NWO, Secret Societies & Biblical Prophecy Vol 1 (Revised)

Charlotte Thomson Iserbyt

“…Charlotte Thomson Iserbyt is an American freelance writer and whistleblower who served as a Senior Policy Advisor in the Office of Educational Research and Improvement (OERI), U.S. Department of Education during the first term of U.S. President Ronald Reagan, and staff employee of the US State Department (South Africa, Belgium, South Korea).[1][2][3] She was born in 1930[4] and attended Dana Hall preparatory school and Katharine Gibbs College in New York City, where she studied business.[5] Iserbyt’s father and grandfather were Yale University graduates and members of the Skull and Bones secret society.

She is known for writing the book The Deliberate Dumbing Down of America. The book claims that changes gradually brought into the American public education system attempt to eliminate the influences of a child’s parents (religion, morals, national patriotism), and mold the child into a member of the proletariat in preparation for a socialist-collectivist world of the future.[3] She alleges that these changes originated from plans formulated primarily by the Andrew Carnegie Foundation for the Advancement of Education and Rockefeller General Education Board, and details what she says are the psychological methods used to implement and effect the changes.[3]

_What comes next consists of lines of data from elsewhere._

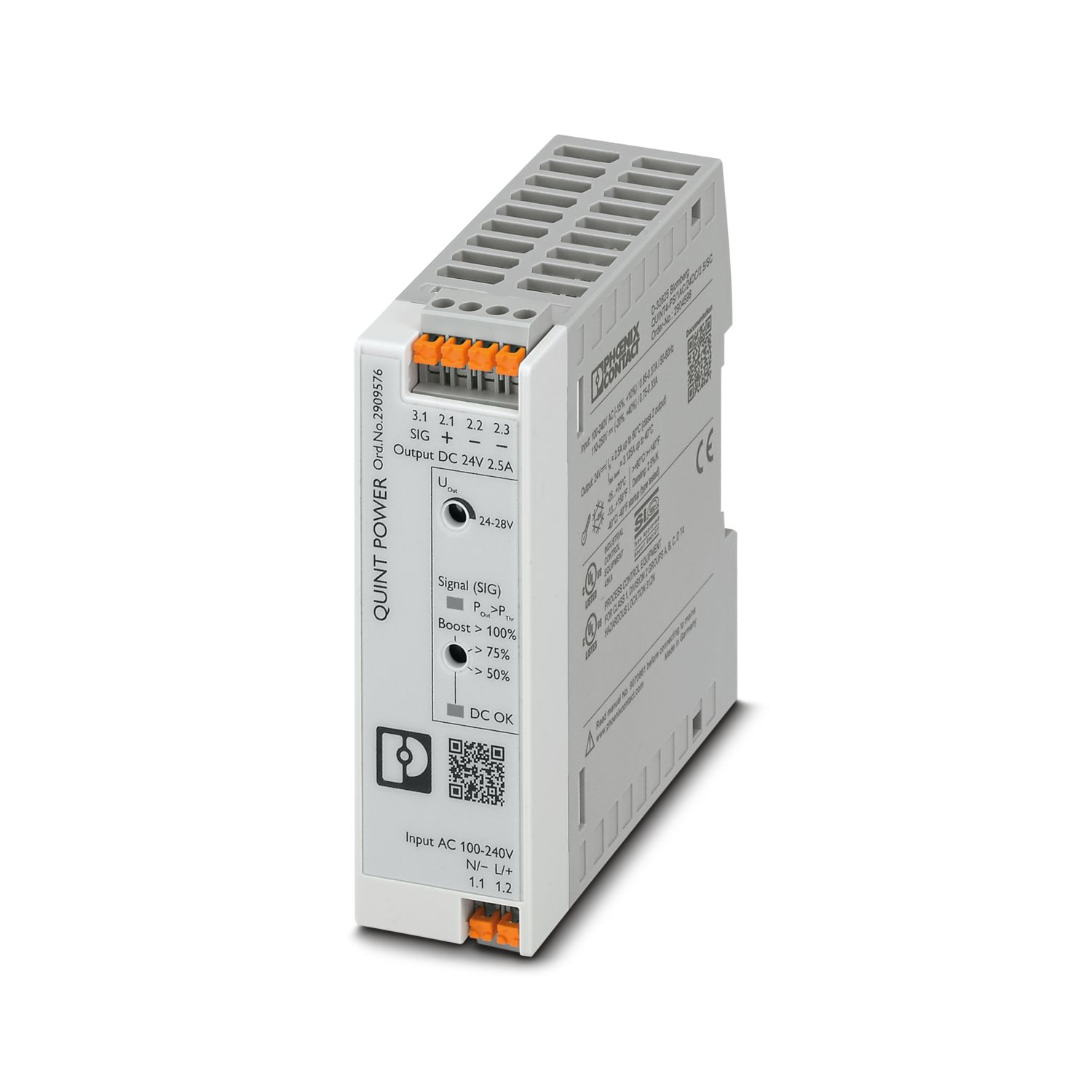 QUINT4-PS/1AC/24DC/2.5/PT - 電源 - 2909576 | Phoenix Contact QUINT4-PS/1AC/24DC/2.5/PT - 電源 - 2909576 | Phoenix Contact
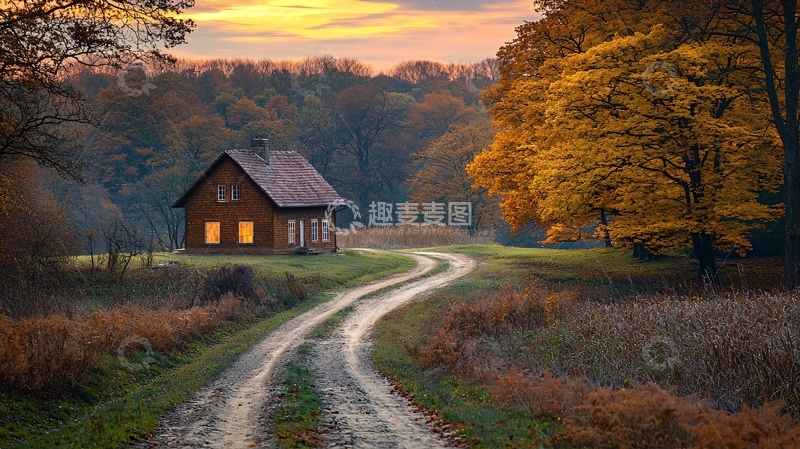 高清大图下载【趣麦麦图】秋日森林小屋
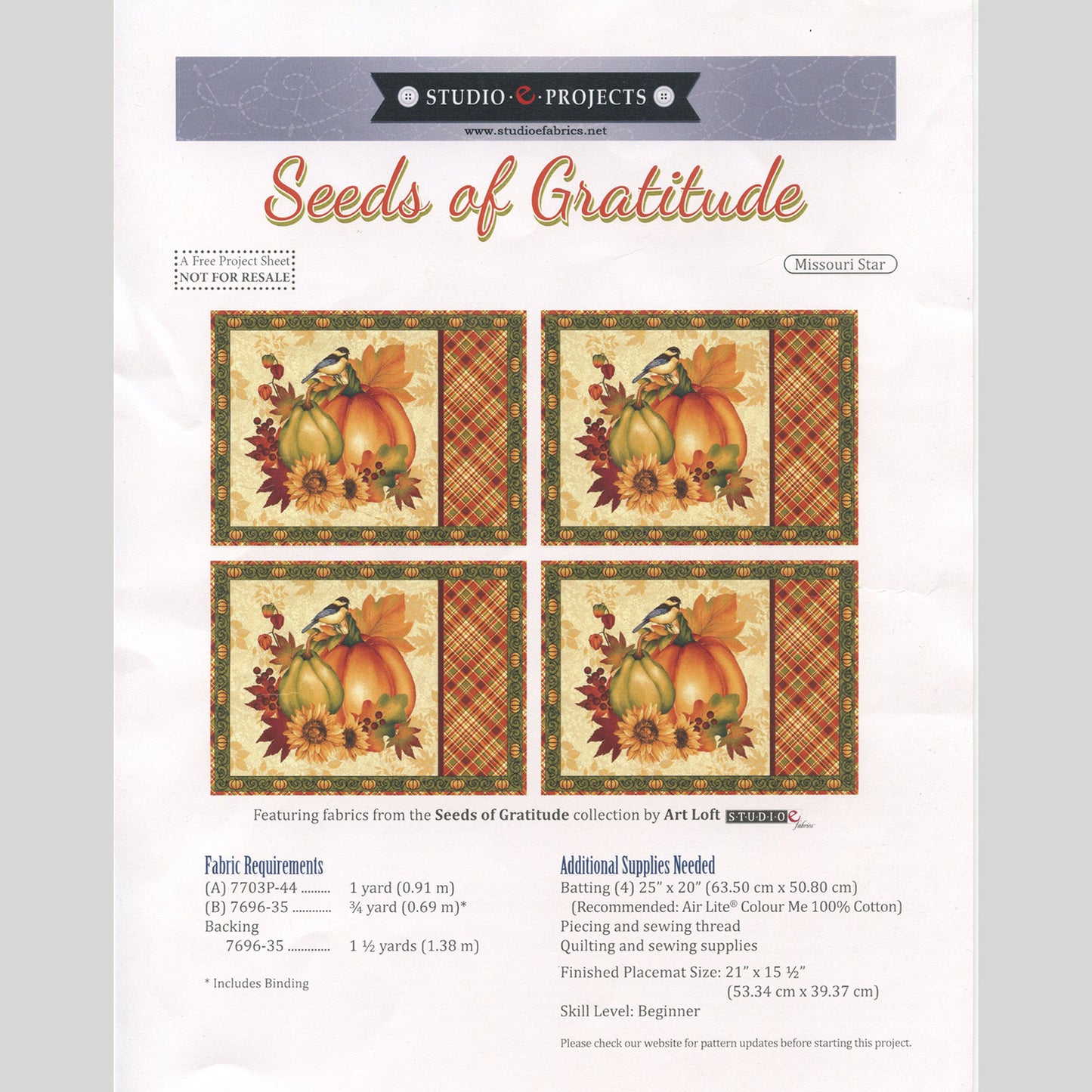 Seeds of Gratitude Placemats Kit Alternative View #6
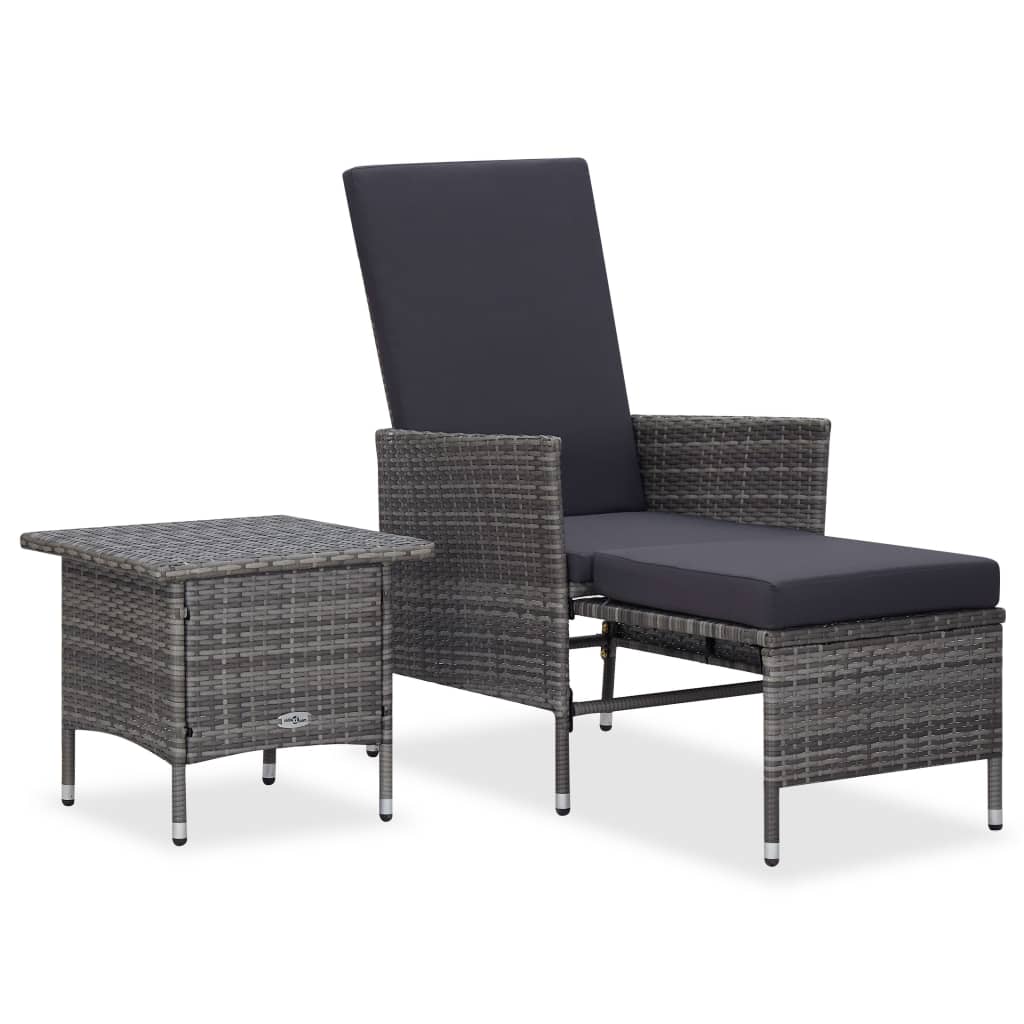 vidaXL 2-delige Loungeset met kussens poly rattan zwart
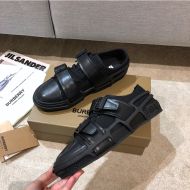Burberry Cotton And Leather Men Webb Sneakers In Black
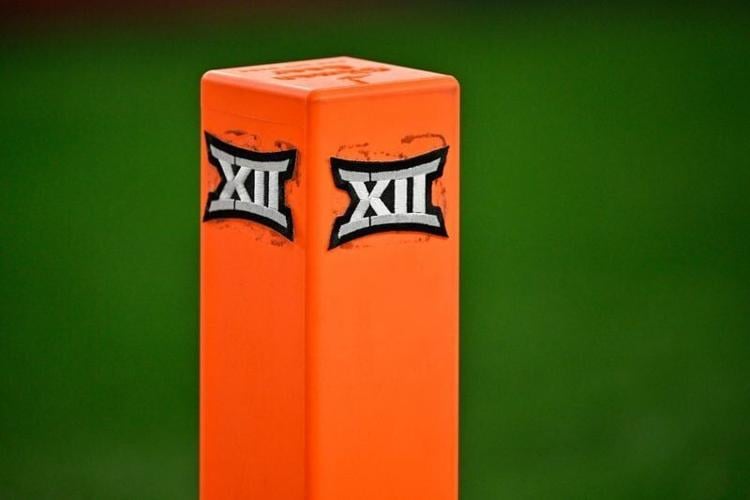 Dec 6, 2025; Arlington, TX, USA; A view of the Big 12 logo on a touchdown pylon during the game between the Red Raiders and the Cougars at AT&T Stadium. Mandatory Credit: Jerome Miron-Imagn Images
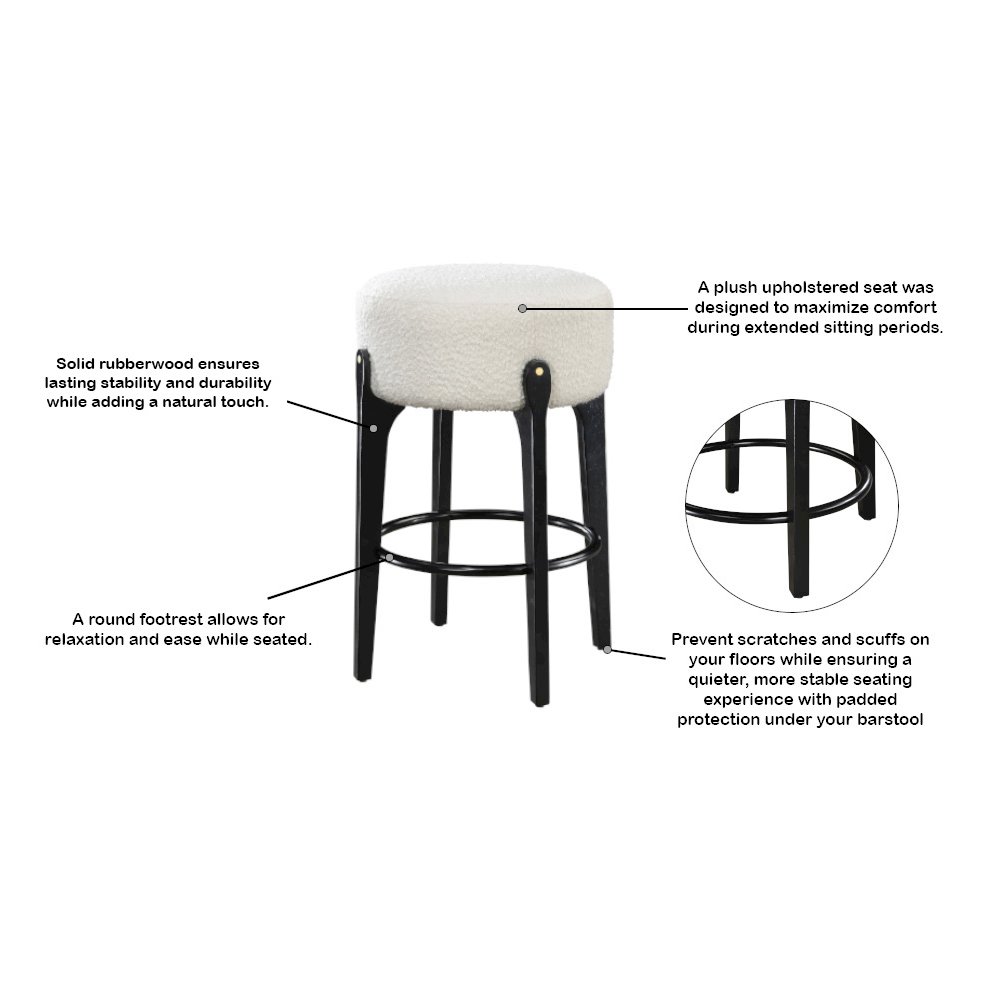 Ellie 29 in. Black Backless Wood Bar Stool with White Boucle Fabric Seat (Set of 2). Picture 4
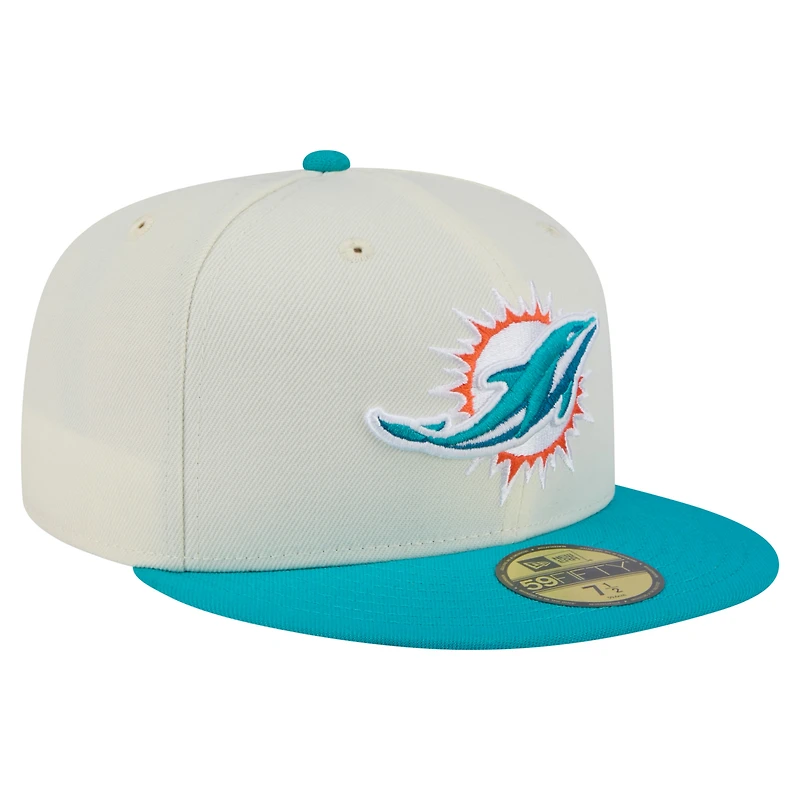 Men's New Era  Cream/Aqua Miami Dolphins Main 59FIFTY Fitted Hat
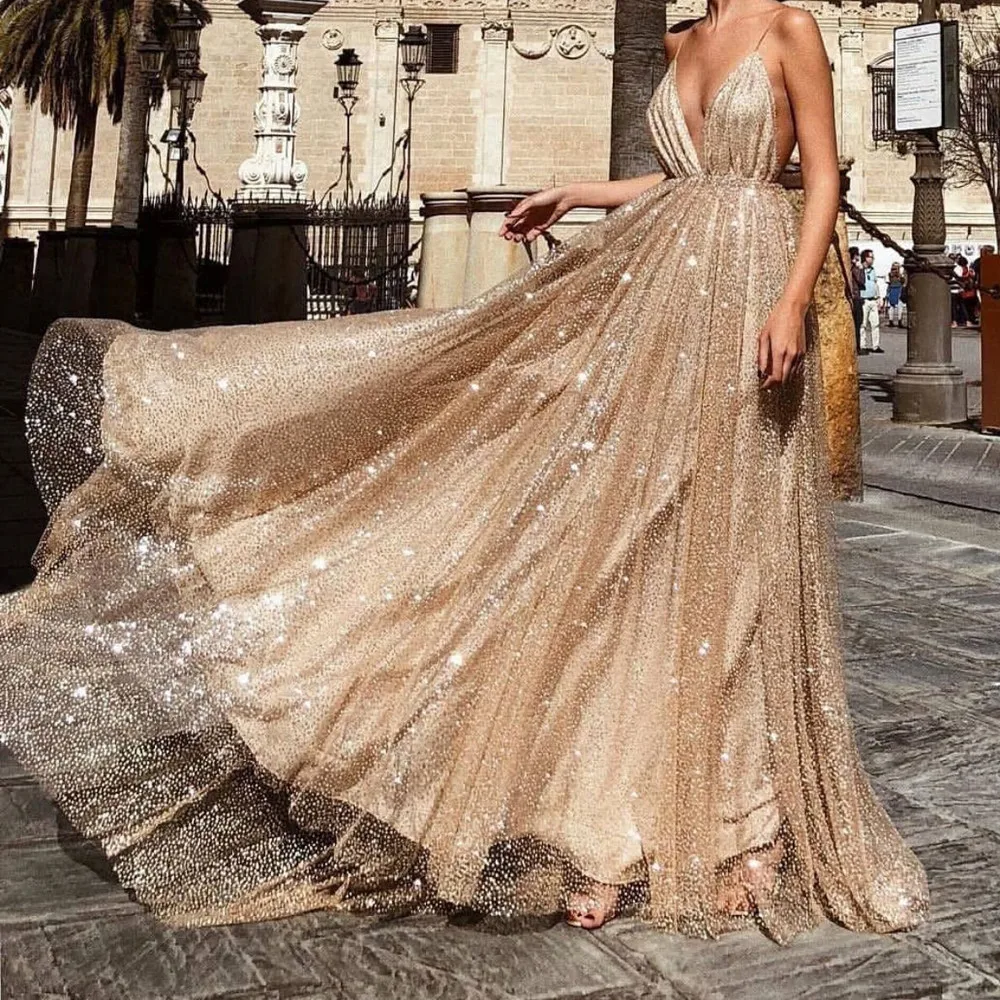 

Holographic Roupas Femininas Women's sexy V-neck sling lace solid color sleeve back hollow long elegant dress vestido sexy@@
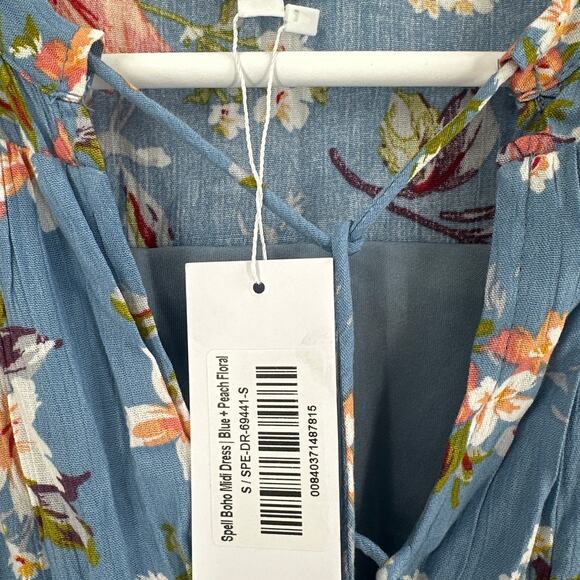 Baltic Born Blue Peach Floral Spell Boho Midi Dress Size S - Picture 5 of 13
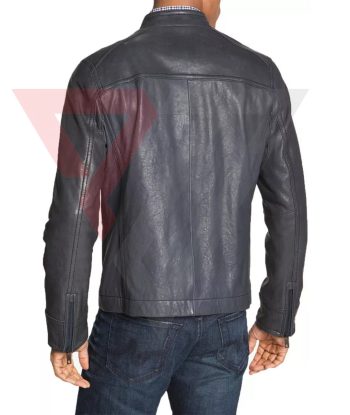 Men's Gray Washed Lambskin Minimalist Café Racer Jacket | PWVests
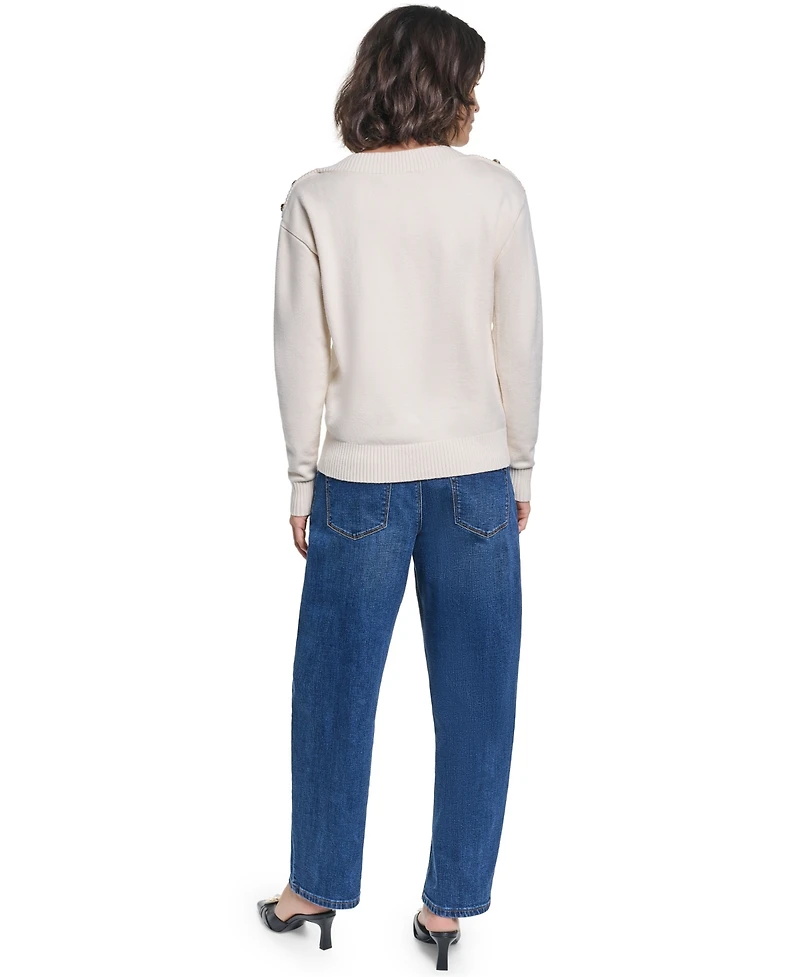 Karl Lagerfeld Paris Women's Button Shoulder Boat Neck Long-Sleeve Sweater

In an interview[2] concerning secret societies and the elite agenda she disclosed that in the early 1980s she had a chance to meet with Norman Dodd who had been the chief investigator for the United States House Select Committee to Investigate Tax-Exempt Foundations and Comparable Organizations commonly known as the B. Carroll Reece Committee. In the video she claims that Dodd discussed a ‘network’ of individuals including Carnegie who planned to bring about world peace by means of rapid changes in society. These changes would be brought about by involving the populace in various wars and military conflicts. She further claimed that Dodd had discussions with Rowan Gaither, the president of the Ford Foundation in which he revealed that directives from the President of the United States compelled foundations related to the Ford Foundation to direct their funding into bringing about the merger of the USA with the Soviet Union.[6][7][8]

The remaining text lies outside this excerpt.